# [Work order]
Give the data again exactly, without its images.

# [Data shown]
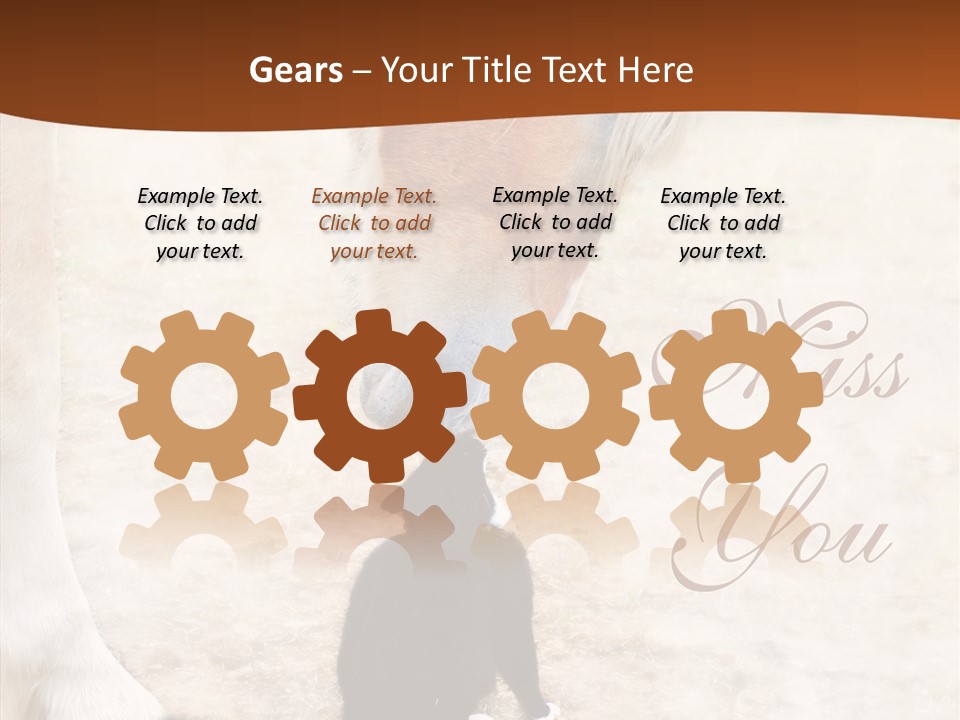 Dreamlike Best Friends Affection PowerPoint Template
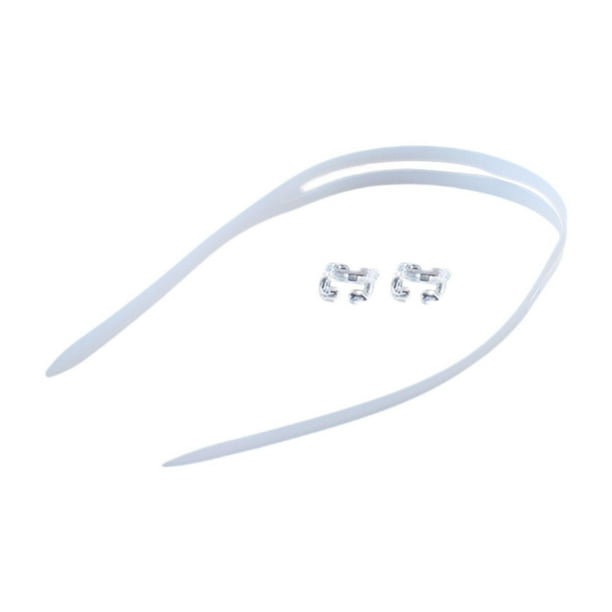 Correa de gafas de natación Correa de natación Portable Universal con 2 clips Strap de gafas de natación Silicona para buceo en deportes de agua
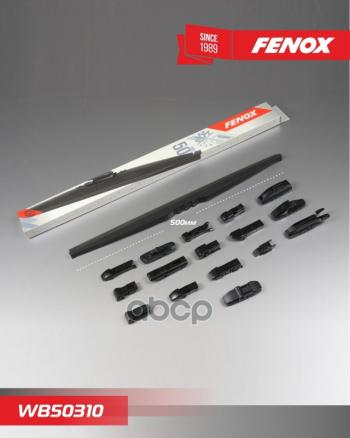 679 р. Щетка Стеклоочистителя 500 Мм20 Зимняя Fenox  (1 Шт) Крепление: 15 В 1 FENOX арт. WB50310  с доставкой в г. Кемерово. Увеличить фотографию 3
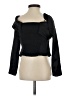 Reformation Black Long Sleeve Top Size 2 - photo 2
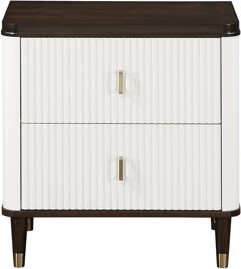17 Stories 2-Drawer Nightstand With Usb Port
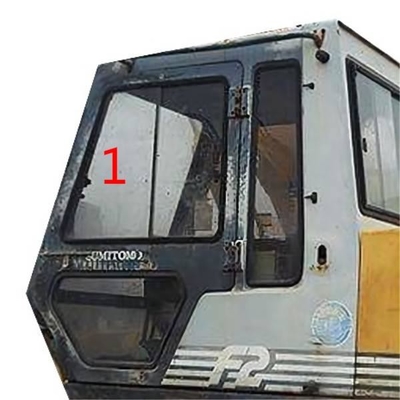 SH280 S280 Windshield Tempered Glass Construction Machine Cab Left Door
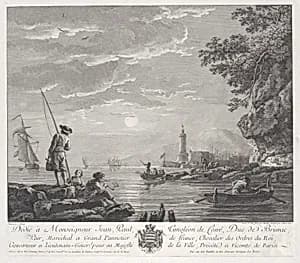 The End of the Fishing by Jacques Philippe Le Bas|Pietro Antonio Martini|Joseph Vernet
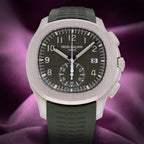 Patek Philippe Aquanaut Flyback Chronograph White Gold Green Dial 5968G-010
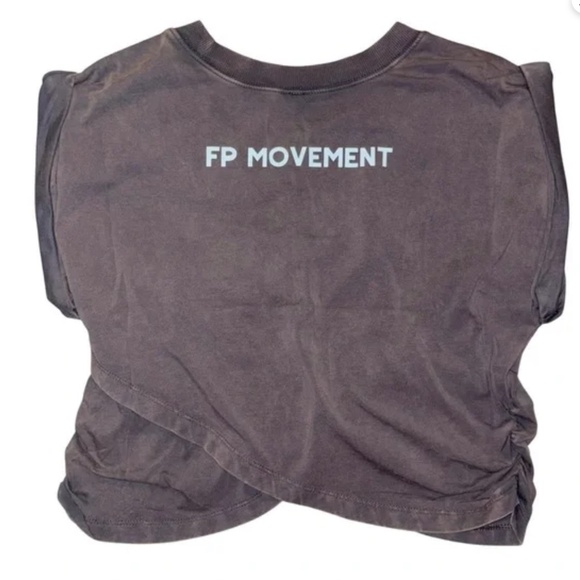 FP Movement by Free People Hot Shot Logo Crossover Set Dark Shadow Combo sz S NW - Picture 9 of 10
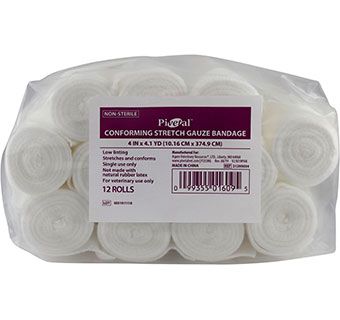 PIVETAL® CONFORMING STRETCH GAUZE BANDAGE 4 IN X 4.1 YD 1-PLY 12/PKG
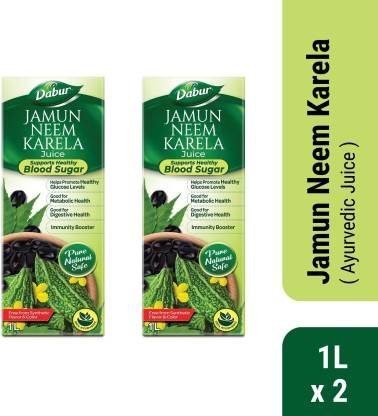 Dabur Jamun Neem Karela Juice – 1L x 2 Dabur Jamun Neem Karela Juice – 1L x 2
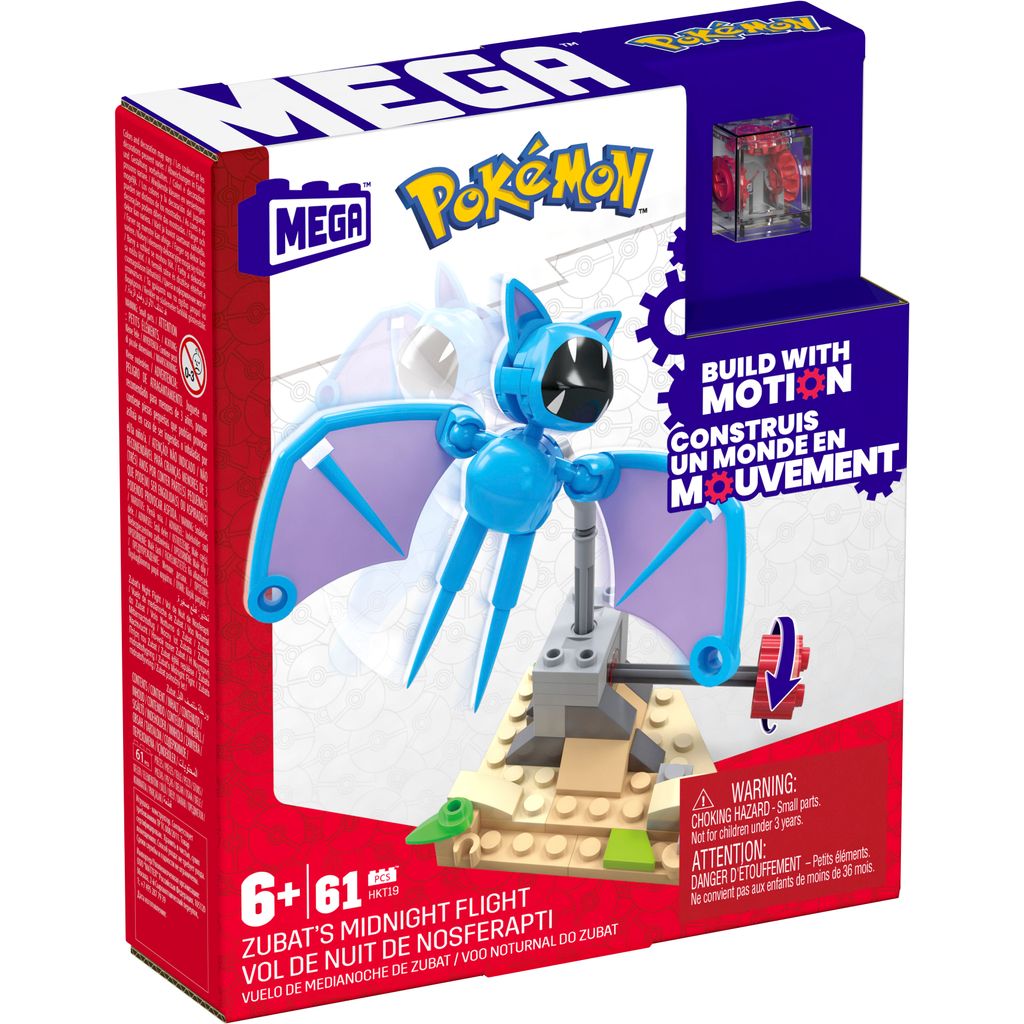 MEGA POKEMON ZUBAT'S DESERT FLIGHT -RAKENNUSSARJA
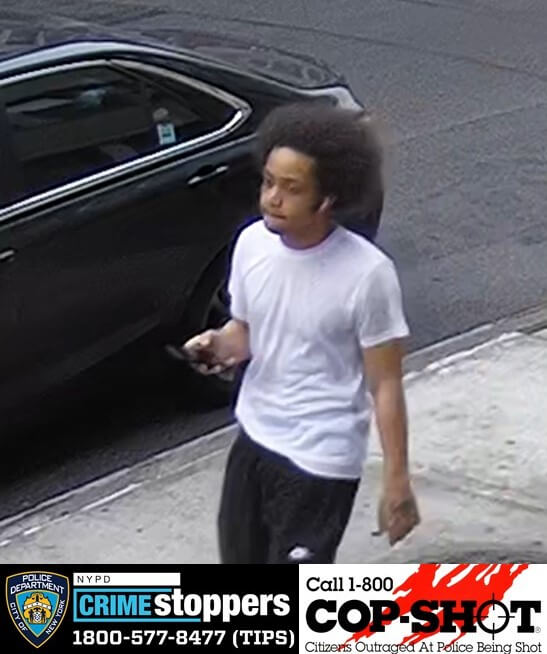 Police are searching for this man, who is believed to have shot a police officer in Queens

# [Solved exercise]
 Dreamlike Best Friends Affection PowerPoint Template
 Correa de gafas de natación Correa de natación Portable Universal con 2 clips Strap de gafas de natación Silicona para buceo en deportes de agua
 679 р. Щетка Стеклоочистителя 500 Мм20 Зимняя Fenox  (1 Шт) Крепление: 15 В 1 FENOX арт. WB50310  с доставкой в г. Кемерово. Увеличить фотографию 3
 Reformation Black Long Sleeve Top Size 2 - photo 2
17 Stories 2-Drawer Nightstand With Usb Port
 SH280 S280 Windshield Tempered Glass Construction Machine Cab Left Door
 The End of the Fishing by Jacques Philippe Le Bas|Pietro Antonio Martini|Joseph Vernet
 Patek Philippe Aquanaut Flyback Chronograph White Gold Green Dial 5968G-010
 FP Movement by Free People Hot Shot Logo Crossover Set Dark Shadow Combo sz S NW - Picture 9 of 10
 PIVETAL® CONFORMING STRETCH GAUZE BANDAGE 4 IN X 4.1 YD 1-PLY 12/PKG
 Dabur Jamun Neem Karela Juice – 1L x 2 Dabur Jamun Neem Karela Juice – 1L x 2
 MEGA POKEMON ZUBAT'S DESERT FLIGHT -RAKENNUSSARJA
 Police are searching for this man, who is believed to have shot a police officer in Queens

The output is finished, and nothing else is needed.